## Exercise instructions
Quote word for word from the line holding "baby wearing bee" to the last line below, including both, and omit any pictures.

## Supplied information

========================

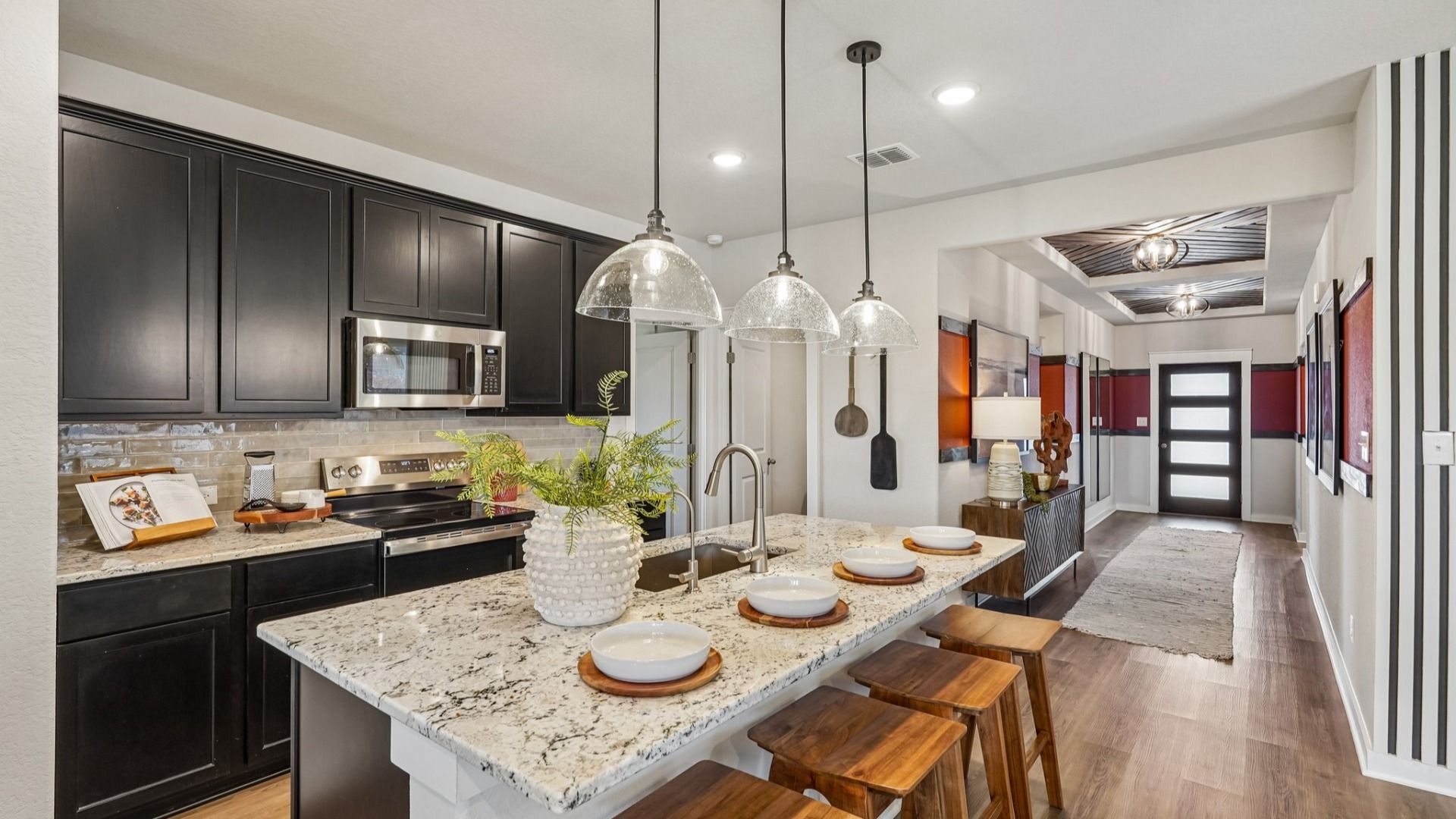 Kitchen features beautiful glass pendant lighting, a center island, and is located near the Flex Room & Laundry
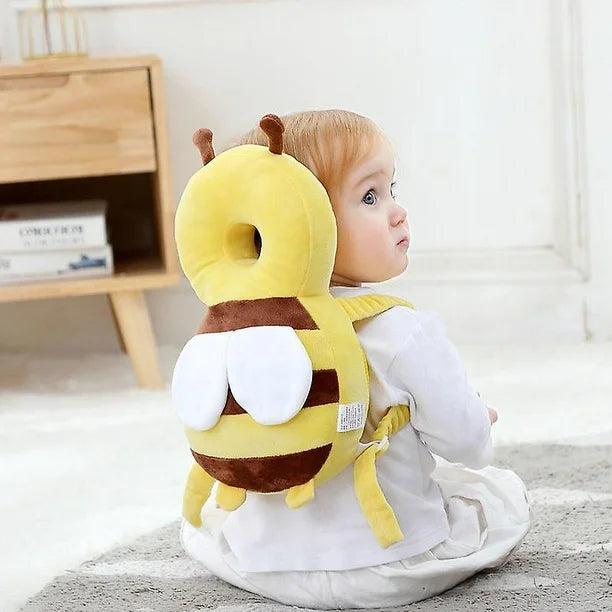 baby wearing bee head protector backpack while sitting on the floor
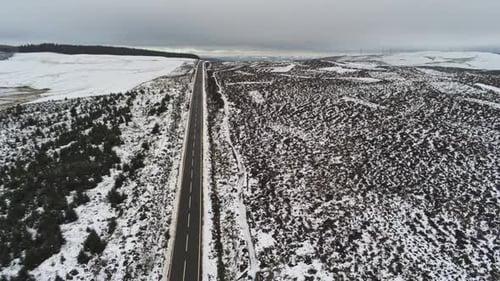 Long road aerial into distance across highland snowy countryside moors high to low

========================

## Answer to this task
 baby wearing bee head protector backpack while sitting on the floor
 Long road aerial into distance across highland snowy countryside moors high to low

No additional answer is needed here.